Thilo Reimers Rechtsanwalt, Dipl. Volkswirt, Würzburg

EuGH und Überstunden

EuGH und Überstunden

Eine Gewerkschaft hatte gegen ein Tochterunternehmen der Deutschen Bank geklagt. Der EuGH entschied nunmehr bekanntermaßen, dass die täglichen Arbeitszeiten von Arbeitnehmern umfassend und systematisch festgehalten und bzw. erfasst werden müssen. Im Ausgangsfall waren lediglich Überstunden aufgezeichnet worden. Das genüge nicht, so der EuGH. Damit dürften Arbeitnehmern das Einklagen von Überstunden ab jetzt wesentlich leichter fallen (s. u.).

Die Dokumentationspflicht im spanischen Recht ähnelt dem Pflichtenkatalog des deutschen Rechts. Insoweit ist leider festzustellen, dass die eigentlich festzuhaltenden Überstunden in Deutschland oftmals gerade nicht erfasst werden.

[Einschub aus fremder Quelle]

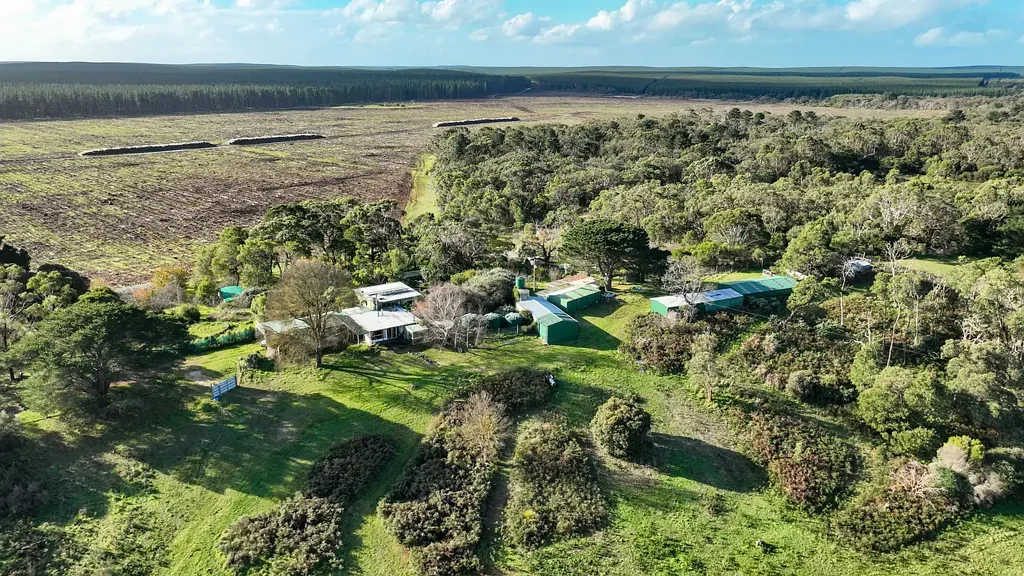 Caveton  UNIQUE BY NATURE – A COUNTRY SANCTUARY LIKE NO OTHER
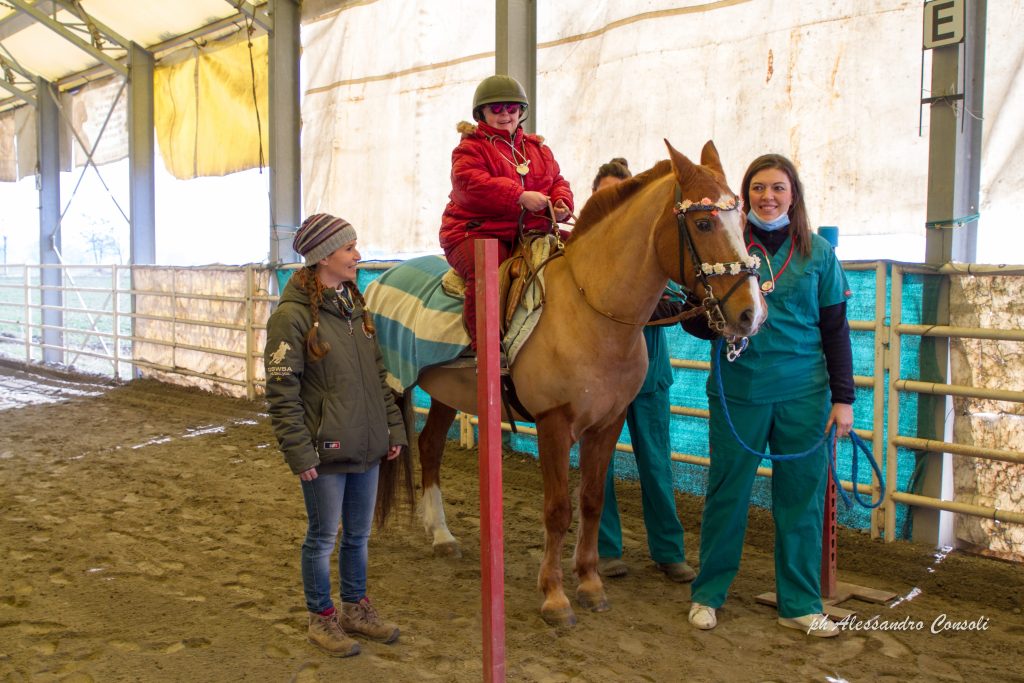 Scopri di più sull'articolo Equitazione: avviato un progetto formativo di riabilitazione equestre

Der EuGH bemühte Art.31 Abs. der EU-Grundrechtekarta. "Jede Arbeitnehmerin und jeder Arbeitnehmer hat das Recht auf eine Begrenzung der Höchstarbeitszeit, auf tägliche und wöchentliche Ruhezeiten sowie auf bezahlten Jahresurlaub.

Die Grenzen werden dabei von der Arbeitszeitrichtlinie präzisiert, wonach die

– Höchstarbeitszeit maximal durchschnittlich 48 Stunden einschließlich der Überstunden betragen darf,

– Tägliche Mindestruhezeit: von 11 zusammenhängenden Stunden,

– Wöchentliche Mindestruhezeit zusätzlich zur täglichen Mindestruhezeit: von 24 zusammenhängenden Stunden in einem 7-Tagezeitraum

betragen muss.

Entscheidend ist, dass eine sichere Kontrolle laut EuGH nur ein System, das die von jedem Arbeitnehmer geleistete täglich Arbeitszeit messe, dies sicherstellen könne.

Arbeitnehmer als die schwächere Partei, könnten so ihre Rechte gegenüber Arbeitgebern durchsetzen. Dem kann man nur zustimmen.

Die EU-Mitgliedsstaaten müssen deshalb Arbeitgeber gesetzlich zur Arbeitszeiterfassung verpflichten.

Die nationale Regelung darf laut EuGH auf die Besonderheiten von Tätigkeitsbereichen und Eigenheiten von Unternehmen eingehen. Ein Kriterium dabei dürfte die Unternehmensgröße sein.

Wichtig ist in diesem Zusammenhang, dass diese Entscheidung noch umgesetzt werden muss. Eine Gesetzesänderung soll kommen, ist aber noch nicht "in der Mache".

Allerdings müssen nationale Arbeitsgerichte dieses Urteil bereits jetzt bei ihren Entscheidungen berücksichtigen. Eine anders lautende Rechtssprechung ist abzuändern.

Da die derzeitige Rechtssprechung des BAG den Nachweis von Überstunden schwierig bis extrem schwierig macht, dürfte dies zu einigen Veränderungen führen und den Nachweis von Überstunden deutlich erleichtern. De facto dürfte dies eine Beweislastumkehr darstellen. Denn der Arbeitgeber hat nach dieser Entscheidung die Arbeitszeit zu erfassen. Tut er das nicht, muss nun er nachweisen, dass die erklärten Überstunden nicht geleistet wurden.